** REQUIRED WORK **
The line that contains "Nations Championship England" marks the end: retype the data below exactly from its first line through that line.

Caption-style text data:
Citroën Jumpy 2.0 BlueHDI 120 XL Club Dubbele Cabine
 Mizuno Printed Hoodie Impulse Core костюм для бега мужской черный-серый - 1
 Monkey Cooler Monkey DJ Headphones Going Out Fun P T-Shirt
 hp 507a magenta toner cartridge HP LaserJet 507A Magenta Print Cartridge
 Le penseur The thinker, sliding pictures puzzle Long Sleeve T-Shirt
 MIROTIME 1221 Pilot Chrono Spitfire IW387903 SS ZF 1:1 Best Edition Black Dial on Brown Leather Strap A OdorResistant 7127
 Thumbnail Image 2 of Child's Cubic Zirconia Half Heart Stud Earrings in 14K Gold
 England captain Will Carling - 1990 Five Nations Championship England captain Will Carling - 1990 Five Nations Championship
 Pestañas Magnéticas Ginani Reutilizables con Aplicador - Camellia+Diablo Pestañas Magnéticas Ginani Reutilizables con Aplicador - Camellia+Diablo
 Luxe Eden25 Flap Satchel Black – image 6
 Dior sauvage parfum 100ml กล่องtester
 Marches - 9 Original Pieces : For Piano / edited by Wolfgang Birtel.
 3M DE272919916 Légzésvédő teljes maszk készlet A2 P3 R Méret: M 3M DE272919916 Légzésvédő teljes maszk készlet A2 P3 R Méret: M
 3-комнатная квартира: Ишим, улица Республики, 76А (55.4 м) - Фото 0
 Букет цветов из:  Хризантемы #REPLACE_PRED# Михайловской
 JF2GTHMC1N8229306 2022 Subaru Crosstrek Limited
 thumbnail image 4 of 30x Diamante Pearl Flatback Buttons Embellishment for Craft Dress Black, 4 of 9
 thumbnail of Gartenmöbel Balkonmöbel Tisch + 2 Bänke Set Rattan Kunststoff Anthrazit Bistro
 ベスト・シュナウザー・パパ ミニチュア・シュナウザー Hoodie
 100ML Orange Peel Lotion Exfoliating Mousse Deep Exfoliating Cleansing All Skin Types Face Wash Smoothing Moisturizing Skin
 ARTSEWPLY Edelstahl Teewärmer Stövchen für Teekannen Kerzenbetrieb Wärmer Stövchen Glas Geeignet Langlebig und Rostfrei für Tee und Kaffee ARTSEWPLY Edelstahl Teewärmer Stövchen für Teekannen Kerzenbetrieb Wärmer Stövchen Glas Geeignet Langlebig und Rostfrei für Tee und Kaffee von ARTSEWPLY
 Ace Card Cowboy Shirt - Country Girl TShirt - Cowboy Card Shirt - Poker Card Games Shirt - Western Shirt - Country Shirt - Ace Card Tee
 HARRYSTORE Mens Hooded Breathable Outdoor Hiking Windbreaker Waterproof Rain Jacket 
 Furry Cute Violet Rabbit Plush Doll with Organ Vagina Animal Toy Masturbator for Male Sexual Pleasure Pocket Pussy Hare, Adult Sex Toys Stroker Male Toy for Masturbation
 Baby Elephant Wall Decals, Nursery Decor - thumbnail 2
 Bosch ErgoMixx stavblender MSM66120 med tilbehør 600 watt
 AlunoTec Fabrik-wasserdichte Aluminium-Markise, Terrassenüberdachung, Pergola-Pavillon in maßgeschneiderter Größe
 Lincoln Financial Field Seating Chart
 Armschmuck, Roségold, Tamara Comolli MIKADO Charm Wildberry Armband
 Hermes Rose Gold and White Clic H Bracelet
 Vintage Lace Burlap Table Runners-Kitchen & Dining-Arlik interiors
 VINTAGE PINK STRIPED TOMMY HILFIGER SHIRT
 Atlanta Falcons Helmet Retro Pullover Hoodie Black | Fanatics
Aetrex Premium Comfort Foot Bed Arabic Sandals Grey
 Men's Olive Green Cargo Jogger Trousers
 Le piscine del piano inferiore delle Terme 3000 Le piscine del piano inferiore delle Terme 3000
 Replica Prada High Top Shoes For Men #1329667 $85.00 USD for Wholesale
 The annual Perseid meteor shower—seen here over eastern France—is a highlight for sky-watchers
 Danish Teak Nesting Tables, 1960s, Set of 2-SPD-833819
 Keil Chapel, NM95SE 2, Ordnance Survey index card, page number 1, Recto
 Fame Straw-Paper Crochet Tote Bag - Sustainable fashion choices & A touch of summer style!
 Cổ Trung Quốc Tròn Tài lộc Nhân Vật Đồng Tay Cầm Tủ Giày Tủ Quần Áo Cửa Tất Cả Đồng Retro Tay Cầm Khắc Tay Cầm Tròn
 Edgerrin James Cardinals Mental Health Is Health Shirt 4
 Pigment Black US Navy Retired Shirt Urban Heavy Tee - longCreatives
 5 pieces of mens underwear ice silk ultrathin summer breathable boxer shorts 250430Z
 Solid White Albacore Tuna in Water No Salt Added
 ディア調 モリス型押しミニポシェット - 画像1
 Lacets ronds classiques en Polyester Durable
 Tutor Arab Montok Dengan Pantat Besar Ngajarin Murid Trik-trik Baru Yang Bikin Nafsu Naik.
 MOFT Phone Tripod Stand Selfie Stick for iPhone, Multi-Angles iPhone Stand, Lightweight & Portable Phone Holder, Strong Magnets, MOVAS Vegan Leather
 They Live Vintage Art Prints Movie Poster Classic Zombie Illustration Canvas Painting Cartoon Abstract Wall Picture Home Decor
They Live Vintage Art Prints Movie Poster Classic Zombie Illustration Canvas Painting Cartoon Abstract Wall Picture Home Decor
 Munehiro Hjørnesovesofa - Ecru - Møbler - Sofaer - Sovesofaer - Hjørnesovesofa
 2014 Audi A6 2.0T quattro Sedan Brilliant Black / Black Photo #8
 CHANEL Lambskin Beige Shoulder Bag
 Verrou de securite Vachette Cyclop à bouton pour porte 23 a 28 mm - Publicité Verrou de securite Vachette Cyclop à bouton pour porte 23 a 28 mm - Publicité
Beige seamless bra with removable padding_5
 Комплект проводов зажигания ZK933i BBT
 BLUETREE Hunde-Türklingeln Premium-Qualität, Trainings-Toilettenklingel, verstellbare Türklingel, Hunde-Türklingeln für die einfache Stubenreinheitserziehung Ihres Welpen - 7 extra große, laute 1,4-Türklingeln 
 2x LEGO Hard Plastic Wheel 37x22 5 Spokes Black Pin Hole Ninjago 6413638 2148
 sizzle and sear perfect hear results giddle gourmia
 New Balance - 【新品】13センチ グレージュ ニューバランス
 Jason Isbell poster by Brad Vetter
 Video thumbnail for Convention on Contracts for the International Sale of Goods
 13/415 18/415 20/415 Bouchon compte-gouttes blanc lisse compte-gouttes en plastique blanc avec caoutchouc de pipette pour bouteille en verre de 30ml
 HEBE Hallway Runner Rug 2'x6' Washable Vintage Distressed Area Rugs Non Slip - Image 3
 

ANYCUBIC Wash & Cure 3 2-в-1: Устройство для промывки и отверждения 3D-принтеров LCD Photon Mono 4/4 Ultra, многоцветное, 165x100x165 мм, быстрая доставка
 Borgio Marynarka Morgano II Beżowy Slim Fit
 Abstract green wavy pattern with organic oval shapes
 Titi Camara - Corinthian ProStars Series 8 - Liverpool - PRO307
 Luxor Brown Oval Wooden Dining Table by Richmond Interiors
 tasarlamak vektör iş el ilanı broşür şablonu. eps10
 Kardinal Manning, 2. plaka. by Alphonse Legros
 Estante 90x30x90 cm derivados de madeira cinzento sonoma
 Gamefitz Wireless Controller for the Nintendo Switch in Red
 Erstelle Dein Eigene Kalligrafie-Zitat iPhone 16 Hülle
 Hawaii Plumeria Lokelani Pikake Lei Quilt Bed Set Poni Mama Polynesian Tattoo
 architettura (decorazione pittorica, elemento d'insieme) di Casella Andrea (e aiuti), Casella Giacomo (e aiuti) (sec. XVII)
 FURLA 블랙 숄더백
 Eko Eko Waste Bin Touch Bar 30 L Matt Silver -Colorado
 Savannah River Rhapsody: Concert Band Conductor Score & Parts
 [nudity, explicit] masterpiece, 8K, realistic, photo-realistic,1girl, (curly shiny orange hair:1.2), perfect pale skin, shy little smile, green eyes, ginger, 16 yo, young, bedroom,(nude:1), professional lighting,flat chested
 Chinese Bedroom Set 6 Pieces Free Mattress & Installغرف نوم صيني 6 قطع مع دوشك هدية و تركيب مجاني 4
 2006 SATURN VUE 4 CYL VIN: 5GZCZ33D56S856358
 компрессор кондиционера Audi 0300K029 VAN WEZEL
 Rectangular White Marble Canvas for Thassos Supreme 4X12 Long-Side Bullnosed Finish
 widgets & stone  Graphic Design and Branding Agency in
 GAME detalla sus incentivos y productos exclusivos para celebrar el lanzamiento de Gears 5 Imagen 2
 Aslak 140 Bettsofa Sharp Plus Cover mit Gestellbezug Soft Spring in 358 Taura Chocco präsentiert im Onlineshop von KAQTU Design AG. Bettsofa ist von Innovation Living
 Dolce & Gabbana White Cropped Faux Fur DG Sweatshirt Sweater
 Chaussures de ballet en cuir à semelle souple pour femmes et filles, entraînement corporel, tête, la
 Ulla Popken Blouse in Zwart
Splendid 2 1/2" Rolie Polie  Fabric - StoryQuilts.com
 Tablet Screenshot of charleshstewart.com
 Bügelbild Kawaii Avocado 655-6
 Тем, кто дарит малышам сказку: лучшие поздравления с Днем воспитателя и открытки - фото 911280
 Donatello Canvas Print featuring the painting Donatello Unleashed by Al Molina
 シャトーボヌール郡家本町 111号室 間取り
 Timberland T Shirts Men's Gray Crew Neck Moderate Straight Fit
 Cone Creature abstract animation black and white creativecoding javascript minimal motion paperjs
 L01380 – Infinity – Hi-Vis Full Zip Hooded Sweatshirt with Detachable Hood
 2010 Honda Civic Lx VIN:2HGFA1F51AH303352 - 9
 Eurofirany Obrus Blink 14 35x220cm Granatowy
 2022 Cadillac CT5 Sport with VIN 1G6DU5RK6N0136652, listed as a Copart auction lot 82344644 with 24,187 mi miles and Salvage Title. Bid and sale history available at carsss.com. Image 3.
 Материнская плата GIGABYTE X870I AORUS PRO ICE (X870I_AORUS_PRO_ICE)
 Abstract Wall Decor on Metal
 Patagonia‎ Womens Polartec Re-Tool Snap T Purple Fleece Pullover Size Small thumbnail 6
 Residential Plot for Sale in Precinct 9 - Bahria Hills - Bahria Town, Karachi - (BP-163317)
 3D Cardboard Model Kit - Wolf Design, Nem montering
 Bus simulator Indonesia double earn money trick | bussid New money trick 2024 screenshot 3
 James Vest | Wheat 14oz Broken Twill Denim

** SOLUTION FOR THIS TASK **
Citroën Jumpy 2.0 BlueHDI 120 XL Club Dubbele Cabine
 Mizuno Printed Hoodie Impulse Core костюм для бега мужской черный-серый - 1
 Monkey Cooler Monkey DJ Headphones Going Out Fun P T-Shirt
 hp 507a magenta toner cartridge HP LaserJet 507A Magenta Print Cartridge
 Le penseur The thinker, sliding pictures puzzle Long Sleeve T-Shirt
 MIROTIME 1221 Pilot Chrono Spitfire IW387903 SS ZF 1:1 Best Edition Black Dial on Brown Leather Strap A OdorResistant 7127
 Thumbnail Image 2 of Child's Cubic Zirconia Half Heart Stud Earrings in 14K Gold
 England captain Will Carling - 1990 Five Nations Championship England captain Will Carling - 1990 Five Nations Championship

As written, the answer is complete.